Since Gates was a felon-friendly employer, I worked with men and women who had been to prison. Many were taking their first steps to a new life, new opportunities. Some had been around the block a few times. It was a professional place and the Gates management did everything they could to provide a safe place to work and earn a living.
There were conflicts. People got frustrated with their jobs, with the management. Some felt shorted or put upon when the days grew long and the crowds deep. Tempers flared. But I remember these instances because there were so few.
When I walked into Gates, I had prejudices. I had been taught Blacks were different than whites, had a different culture, did things differently. But surrounded by people who knew what they were about and what they were doing, I was soon disabused of the notions I’d caught when I was younger that Blacks were somehow less intelligent and more creature-like than white people. I soon found out that my coworkers had the same aspirations I had. They wanted to go to school. They wanted to make a living. They wanted to be independent and self-standing.
Besides, I had my eyes wide open. Outside of my petty and misplaced assumptions, I made no judgements of my coworkers and they made none of me—that they made known to me. No one ever called me a peckerwood or cracker. Some of the older men, took me under their wings and taught me how to deal with Black Americans in a sensitive and open way. I sometimes made it clear in my naïve and backwards way that I was from White America and had been privileged. Certainly, I didn’t have great social skills. But under the tutelage of well-meaning and good-hearted men and women, I gained an education in race that few whites ever get in racially divided America.
I can’t remember what happened after I left the restaurant, what my next job was. But I learned that the lessons of my childhood about Black Americans, the kinds of prejudices and hatreds that went against my very being, were misguided and wrong, even evil.
Moreover, I had been right all along. When I was in grade school, I had played with the Black kids in school and at the public pool, despite the forces arrayed against me and them. I endured the excoriation of the other white kids when it became clear I had black friends. Somewhere along the way, under guidance of parents, family, and friends, I lost contact with Black kids. Due to the circumstances of school and society, there were none around.

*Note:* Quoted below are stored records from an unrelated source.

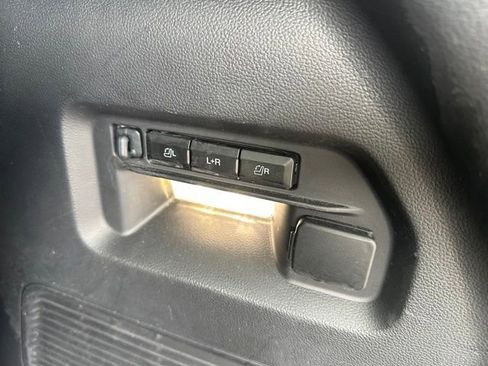 Used 2025 Ford Explorer ST-Line w/ Premium Package AWD/4WD image 11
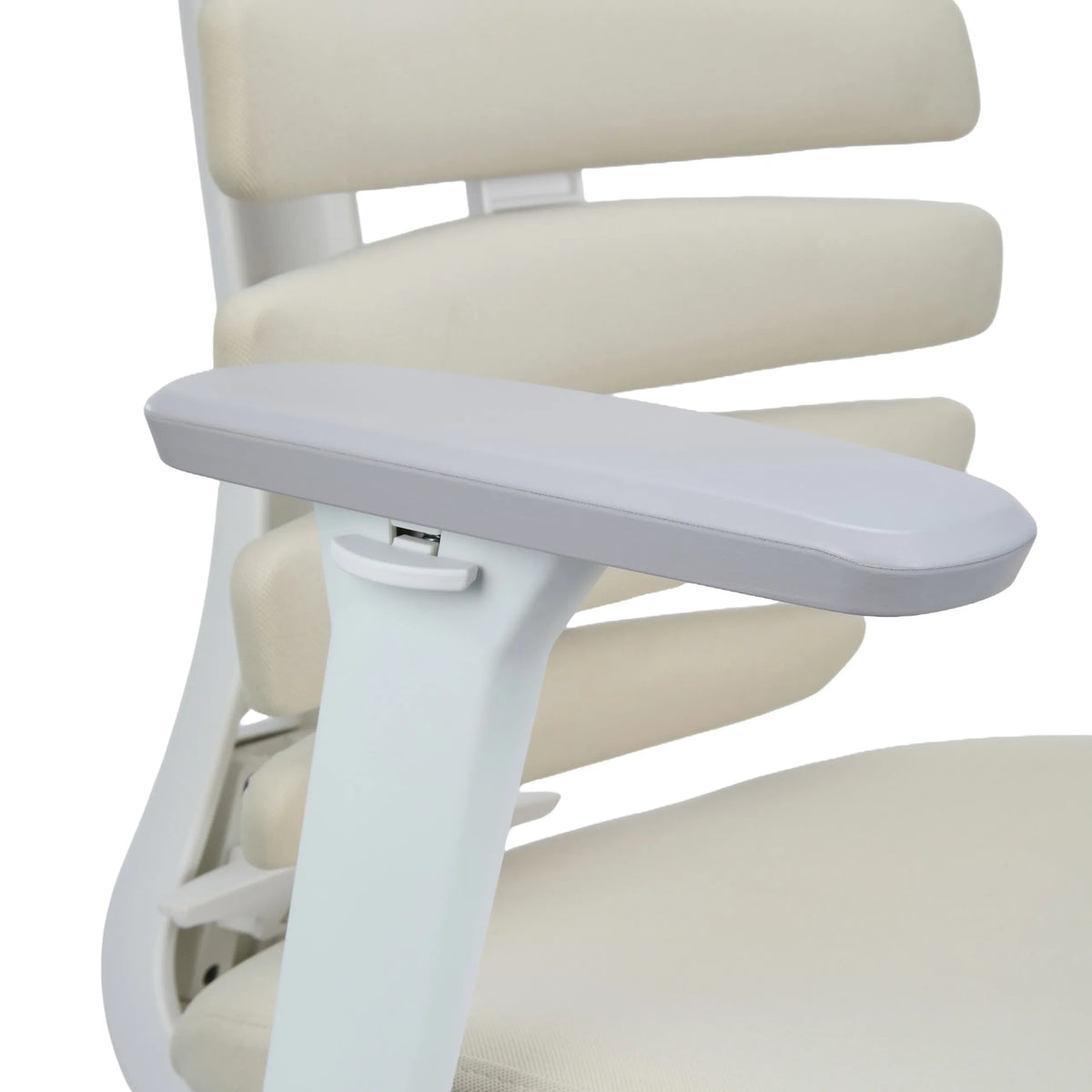 Witte armleuning van de ERGO LINE W professionele bureaustoel met grijze oplegging en beige stoffen bekleding van hjh OFFICE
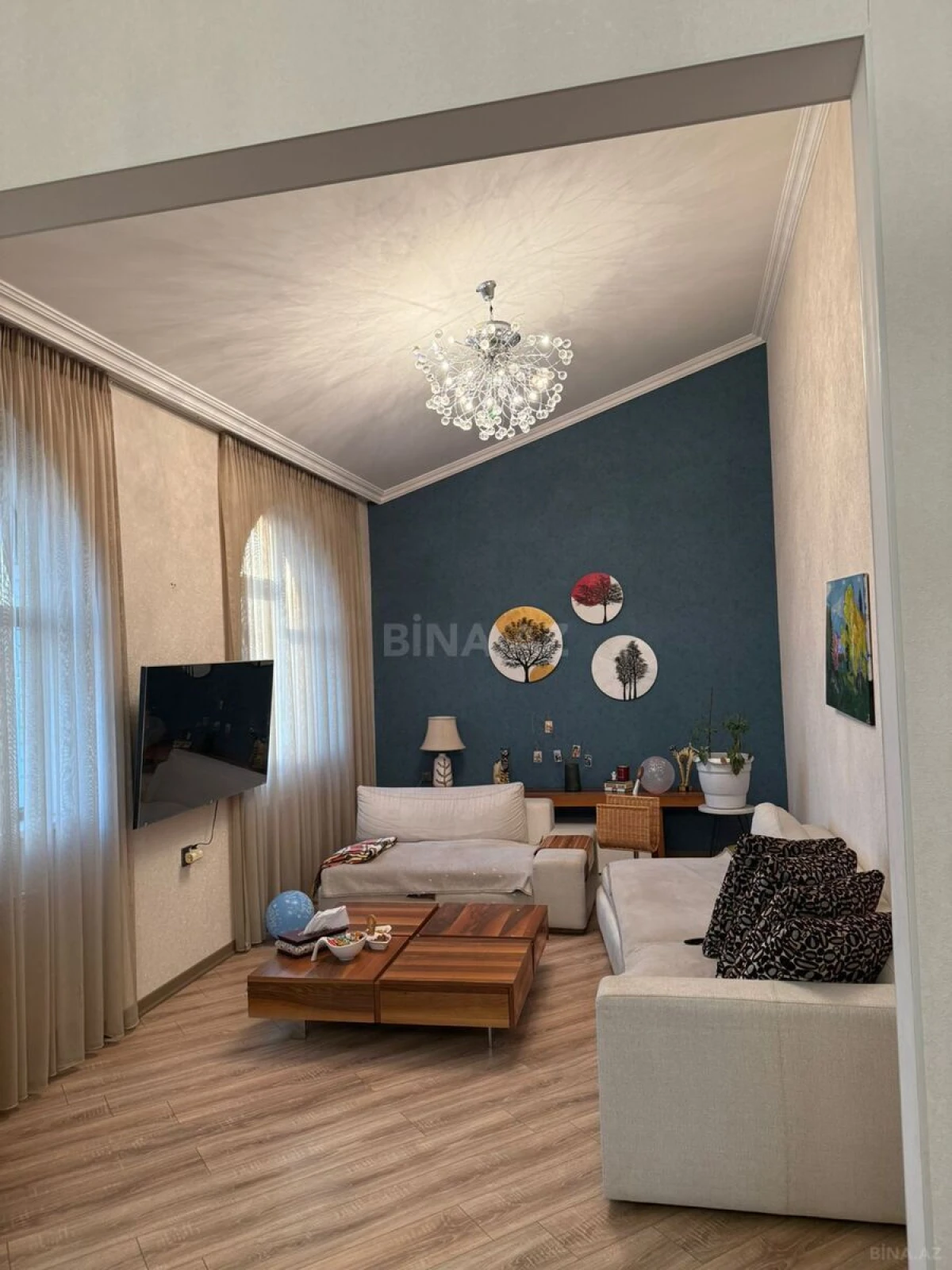 Satılır 6 otaqlı mənzil 250 m²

In that absence, the pernicious fungus of racial animus grew. It seemed benign enough—jokes and epithets thrown around between white friends. It wasn’t until I started at Gates, was given the opportunities my coworkers had, and found myself in comfortable surroundings that I realized that even the most soft-spoken words of prejudice grated against my being.
After a while at Gates, I felt almost like I had come home. And I had a secret I carried with me back home every night. Black people were not all criminals, junkies, and drug dealers. They were flesh-and-blood people with the same kinds of tendernesses and hard bumps I had. It’s not that I liked all my coworkers. Some were not nice. But no matter who they were, no one ever treated me like I was below or above them.
My experience at Gates did not make me racially enlightened. It would take years of unlearning to undo the tangles of prejudice I’d gained from my upbringing. And still, I am learning, trying to become pure at heart. I have a way to go. But due to the lessons Gates taught me, I know what offends my own soul.